Detect Hide Artifacts in Sumo Logic CSE
Adversaries may attempt to hide artifacts associated with their behaviors to evade detection. Operating systems may have features to hide various artifacts, such as important system files and administrative task execution, to avoid disrupting user work environments and prevent users from changing files or features on the system. Adversaries may abuse these features to hide artifacts such as files, directories, user accounts, or other system activity to evade detection. Sub-techniques cover hidden files and directories, hidden users, hidden windows, NTFS alternate data streams, hidden file systems, virtual instance abuse, VBA stomping, email hiding rules, resource forking, process argument spoofing, and scheduled task SD registry deletion.
MITRE ATT&CK
- Tactic
- Defense Evasion
- Technique
- T1564 Hide Artifacts
- Canonical reference
- https://attack.mitre.org/techniques/T1564/
Sumo Detection Query
(_sourceCategory=*windows* OR _sourceCategory=*sysmon* OR _sourceCategory=*WinEventLog*)

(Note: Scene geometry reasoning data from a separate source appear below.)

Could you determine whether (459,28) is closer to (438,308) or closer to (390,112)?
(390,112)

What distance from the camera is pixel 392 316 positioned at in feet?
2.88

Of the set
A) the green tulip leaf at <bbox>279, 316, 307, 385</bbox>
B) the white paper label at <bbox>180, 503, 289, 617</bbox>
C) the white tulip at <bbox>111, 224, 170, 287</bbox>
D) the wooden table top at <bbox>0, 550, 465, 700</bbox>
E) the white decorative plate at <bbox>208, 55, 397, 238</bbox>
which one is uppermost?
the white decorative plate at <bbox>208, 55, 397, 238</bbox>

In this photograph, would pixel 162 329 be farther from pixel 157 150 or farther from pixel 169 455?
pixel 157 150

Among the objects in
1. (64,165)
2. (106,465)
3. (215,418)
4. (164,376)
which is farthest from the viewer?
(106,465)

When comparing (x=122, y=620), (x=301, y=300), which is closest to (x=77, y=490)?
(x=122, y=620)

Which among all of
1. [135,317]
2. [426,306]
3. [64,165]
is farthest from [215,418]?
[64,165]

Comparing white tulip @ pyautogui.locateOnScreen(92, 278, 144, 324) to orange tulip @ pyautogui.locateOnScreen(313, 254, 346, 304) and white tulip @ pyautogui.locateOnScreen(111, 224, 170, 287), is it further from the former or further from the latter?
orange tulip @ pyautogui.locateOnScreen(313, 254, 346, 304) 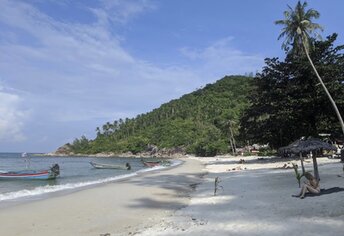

| where EventCode in ("1", "13") OR EventID in ("1", "13", "4698", "4702")
| parse field=CommandLine "*" as cmd nodrop
| parse field=Image "*\\*" as _dir, ProcessName nodrop
| parse field=TargetObject "*\\Schedule\\TaskCache\\Tree\\*" as _pre, TaskPath nodrop
| eval cmd_lower = toLowerCase(cmd)
// Signal classification
| eval Signal =
if (ProcessName = "attrib.exe" AND (cmd_lower matches "(?i).*\+h.*" OR cmd_lower matches "(?i).*\+s.*"),
"HiddenFileAttribute",
if (ProcessName in ("cmd.exe", "powershell.exe", "pwsh.exe") AND
(cmd_lower matches ".*>[^:]+:[^\\/:*?\"<>|\\s]+.*"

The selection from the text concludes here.